What is the best free source of expected goals data? Understat is the best free source of expected goals data. It covers the top five European leagues plus the Russian Premier League, with xG, npxG and shot-level numbers going back to the 2014/15 season. It's clean and reliable, which makes it ideal for shooting and finishing analysis. You'll need a little scraping to pull it into your own tools, but it's one of the last genuinely free, high-quality xG sources still available.

What replaced FBref after it lost the Opta licence? Nothing replaced FBref like for like, because there's no single free source giving away current Opta data anymore. Instead you spread the work across what's left. StatsBomb open data covers event data, Understat covers expected goals, and Sofascore or WhoScored fill gaps for leagues the big free sources ignore. For current advanced data at scale you now generally need a paid platform, which is exactly the shift the 2026 change forced.
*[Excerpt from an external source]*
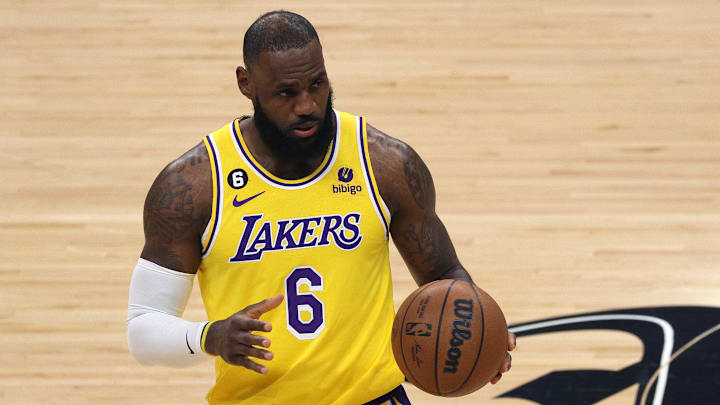 James posee múltiples récords en los playoffs de la NBA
Where can I watch full football matches for free to scout? FIFA+ is the main free option, with full-match replays and archive footage across hundreds of competitions, though it leans toward smaller leagues and tournaments rather than live top-five football. Beyond that, plenty of leagues stream matches on YouTube, and community-maintained streaming sheets point you to free full matches across dozens of competitions. Data is only half of scouting, so being able to watch the player is as important as having their numbers.

Do I need to pay for football data to get a job? No, you don't need to pay for data to get a job. The people who break in aren't the ones with the most expensive subscriptions, they're the ones who actually use the free sources and keep producing work. StatsBomb open data, Understat, Transfermarkt and free video are enough to build real scout reports and data pieces. You'll usually meet the paid platforms later, through a club or a membership that includes access, rather than buying them yourself.